Hesionidae Grube, 1850 currently comprises over 175 species in 28 genera, placed in several subfamilies. Discoveries in recent years have largely been of deep-sea taxa. Here we describe a further four new hesionid species, mainly from methane 'cold' seeps at around 1000–1800 m depths off the Pacific coast of Costa Rica and new record of another species. Several of these taxa also occur at methane seeps in the Guaymas Basis (Mexico) and off the USA west coast (California and Oregon). The phylogenetic relationships within Hesionidae are reassessed via maximum parsimony and maximum likelihood analyses of DNA sequences from nuclear (18S rRNA and 28SrRNA) and mitochondrial (16SrRNA and Cytochrome c oxidase I) loci for the new samples. On the basis of these results, we refer one of the new species to
Gyptis Marion & Bobretzky in Marion, 1874, one to
Neogyptis Pleijel, Rouse, Sundkvist & Nygren, 2012, and two to
Sirsoe Pleijel, 1998. The new species [are]

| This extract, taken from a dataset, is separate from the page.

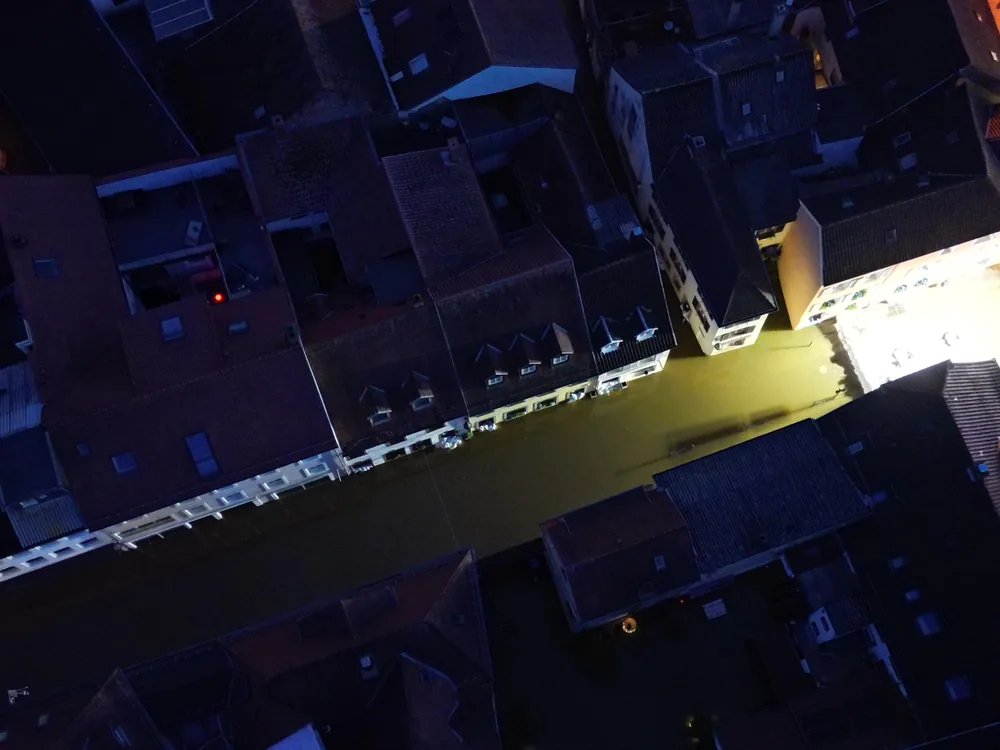 Luftaufnahme per Drohne: die überflutete Altstadt von Blieskastel bei Nacht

Gyptis robertscrippsi n. sp.,
Neogyptis jeffruoccoi n. sp.,
Sirsoe dalailamai n. sp. and
Sirsoe munki n. sp. We refer to a collection of individuals from seeps ranging from Oregon to Costa Rica as
Amphiduropsis cf.
axialensis (Blake & Hilbig, 1990), even though this species was described from hydrothermal vents off Oregon.
Neogyptis jeffruoccoi n. sp. was generally found living inside the solemyid clam
Acharax johnsoni (Dall, 1891). The position of
Hesiolyra bergi Blake, 1985 is resolved on the basis of newly-collected specimens from near the type locality and, as a result, Hesiolyrinae Pleijel, 1998 is synonymized with Gyptini Pleijel, 1998 (and Gyptinae Pleijel, 1998).